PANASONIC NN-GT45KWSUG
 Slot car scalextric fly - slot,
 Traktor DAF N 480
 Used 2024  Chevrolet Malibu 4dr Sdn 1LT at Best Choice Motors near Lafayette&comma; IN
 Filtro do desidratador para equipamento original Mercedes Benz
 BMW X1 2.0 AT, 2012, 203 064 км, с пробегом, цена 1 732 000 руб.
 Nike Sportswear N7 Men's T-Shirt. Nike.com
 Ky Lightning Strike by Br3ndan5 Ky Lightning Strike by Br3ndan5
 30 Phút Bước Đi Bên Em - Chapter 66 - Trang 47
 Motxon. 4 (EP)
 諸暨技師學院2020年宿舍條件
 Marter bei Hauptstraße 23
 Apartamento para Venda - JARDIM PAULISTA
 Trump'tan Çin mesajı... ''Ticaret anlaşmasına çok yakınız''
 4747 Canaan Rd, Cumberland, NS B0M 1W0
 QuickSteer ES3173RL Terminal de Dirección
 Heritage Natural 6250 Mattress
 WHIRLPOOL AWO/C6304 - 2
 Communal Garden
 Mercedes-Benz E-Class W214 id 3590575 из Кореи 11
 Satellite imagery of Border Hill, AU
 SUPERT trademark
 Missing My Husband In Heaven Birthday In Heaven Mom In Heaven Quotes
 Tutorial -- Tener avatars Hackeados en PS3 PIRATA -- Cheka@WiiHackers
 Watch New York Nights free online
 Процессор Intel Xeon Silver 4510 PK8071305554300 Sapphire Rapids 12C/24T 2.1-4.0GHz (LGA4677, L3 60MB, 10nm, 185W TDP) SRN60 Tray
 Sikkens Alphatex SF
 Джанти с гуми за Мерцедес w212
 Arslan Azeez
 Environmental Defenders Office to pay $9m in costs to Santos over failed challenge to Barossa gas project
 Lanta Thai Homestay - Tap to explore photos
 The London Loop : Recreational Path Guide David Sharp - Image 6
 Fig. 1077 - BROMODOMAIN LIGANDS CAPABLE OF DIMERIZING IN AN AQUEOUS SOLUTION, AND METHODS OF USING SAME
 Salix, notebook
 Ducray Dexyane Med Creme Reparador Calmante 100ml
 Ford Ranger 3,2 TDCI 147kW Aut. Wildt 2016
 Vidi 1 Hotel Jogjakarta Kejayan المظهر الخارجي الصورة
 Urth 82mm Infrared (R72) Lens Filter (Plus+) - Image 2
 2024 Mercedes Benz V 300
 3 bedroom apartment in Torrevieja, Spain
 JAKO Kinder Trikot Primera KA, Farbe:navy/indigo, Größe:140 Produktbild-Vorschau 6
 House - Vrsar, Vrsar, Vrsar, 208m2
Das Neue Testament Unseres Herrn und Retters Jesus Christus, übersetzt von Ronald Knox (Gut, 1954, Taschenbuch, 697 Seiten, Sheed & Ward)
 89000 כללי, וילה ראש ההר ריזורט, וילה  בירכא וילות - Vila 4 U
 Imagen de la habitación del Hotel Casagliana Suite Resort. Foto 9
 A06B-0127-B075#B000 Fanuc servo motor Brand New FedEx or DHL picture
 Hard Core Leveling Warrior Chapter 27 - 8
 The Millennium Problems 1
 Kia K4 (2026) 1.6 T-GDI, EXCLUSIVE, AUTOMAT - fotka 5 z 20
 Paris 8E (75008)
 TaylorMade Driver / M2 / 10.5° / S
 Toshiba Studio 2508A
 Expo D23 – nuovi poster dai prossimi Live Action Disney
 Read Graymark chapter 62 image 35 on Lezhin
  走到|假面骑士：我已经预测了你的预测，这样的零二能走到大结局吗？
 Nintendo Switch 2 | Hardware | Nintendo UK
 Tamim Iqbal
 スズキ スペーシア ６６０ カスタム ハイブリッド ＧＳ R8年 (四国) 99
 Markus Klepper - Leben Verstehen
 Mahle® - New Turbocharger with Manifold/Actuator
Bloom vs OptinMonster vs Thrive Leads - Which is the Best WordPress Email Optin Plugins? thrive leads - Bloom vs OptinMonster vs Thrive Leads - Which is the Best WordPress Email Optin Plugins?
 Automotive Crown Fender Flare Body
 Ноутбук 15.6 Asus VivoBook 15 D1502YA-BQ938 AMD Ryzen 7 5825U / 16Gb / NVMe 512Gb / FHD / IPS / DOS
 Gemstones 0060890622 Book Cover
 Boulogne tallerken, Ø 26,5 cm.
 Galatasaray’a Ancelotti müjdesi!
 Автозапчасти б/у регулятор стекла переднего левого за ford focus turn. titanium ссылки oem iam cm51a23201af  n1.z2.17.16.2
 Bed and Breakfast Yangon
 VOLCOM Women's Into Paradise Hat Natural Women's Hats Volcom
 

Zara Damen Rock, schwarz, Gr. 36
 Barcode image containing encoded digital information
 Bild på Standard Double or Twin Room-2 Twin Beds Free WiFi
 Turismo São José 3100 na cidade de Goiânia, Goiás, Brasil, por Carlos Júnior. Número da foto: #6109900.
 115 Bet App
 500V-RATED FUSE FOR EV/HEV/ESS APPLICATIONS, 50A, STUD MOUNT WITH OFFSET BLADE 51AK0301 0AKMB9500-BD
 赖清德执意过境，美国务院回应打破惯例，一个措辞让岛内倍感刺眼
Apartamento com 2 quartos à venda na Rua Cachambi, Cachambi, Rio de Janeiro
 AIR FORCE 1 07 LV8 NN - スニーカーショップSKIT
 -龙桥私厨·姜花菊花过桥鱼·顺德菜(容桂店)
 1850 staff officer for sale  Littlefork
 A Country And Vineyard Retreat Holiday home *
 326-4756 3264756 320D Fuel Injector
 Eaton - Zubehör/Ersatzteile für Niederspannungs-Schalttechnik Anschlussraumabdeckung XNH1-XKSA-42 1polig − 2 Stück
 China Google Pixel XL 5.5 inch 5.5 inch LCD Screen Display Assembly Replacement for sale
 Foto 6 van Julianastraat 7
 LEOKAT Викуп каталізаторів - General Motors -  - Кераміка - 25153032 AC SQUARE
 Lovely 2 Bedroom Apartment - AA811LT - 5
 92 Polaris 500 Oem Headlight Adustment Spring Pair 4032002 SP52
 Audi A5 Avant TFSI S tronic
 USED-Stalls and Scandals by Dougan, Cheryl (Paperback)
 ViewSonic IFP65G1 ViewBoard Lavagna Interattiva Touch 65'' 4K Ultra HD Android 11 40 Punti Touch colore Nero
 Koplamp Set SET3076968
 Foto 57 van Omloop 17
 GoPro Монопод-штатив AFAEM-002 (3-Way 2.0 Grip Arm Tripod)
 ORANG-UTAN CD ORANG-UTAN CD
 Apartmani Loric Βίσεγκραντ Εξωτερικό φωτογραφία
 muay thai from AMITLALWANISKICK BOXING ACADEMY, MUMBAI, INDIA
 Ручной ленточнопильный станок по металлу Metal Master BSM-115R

**Task objective**
When the line containing "BMW X1 2.0 AT, 2012, 203 064 км, с" is reached, include it and stop. Until then, output each line of the entries exactly as given, starting from the first.

**Your solution**
PANASONIC NN-GT45KWSUG
 Slot car scalextric fly - slot,
 Traktor DAF N 480
 Used 2024  Chevrolet Malibu 4dr Sdn 1LT at Best Choice Motors near Lafayette&comma; IN
 Filtro do desidratador para equipamento original Mercedes Benz
 BMW X1 2.0 AT, 2012, 203 064 км, с пробегом, цена 1 732 000 руб.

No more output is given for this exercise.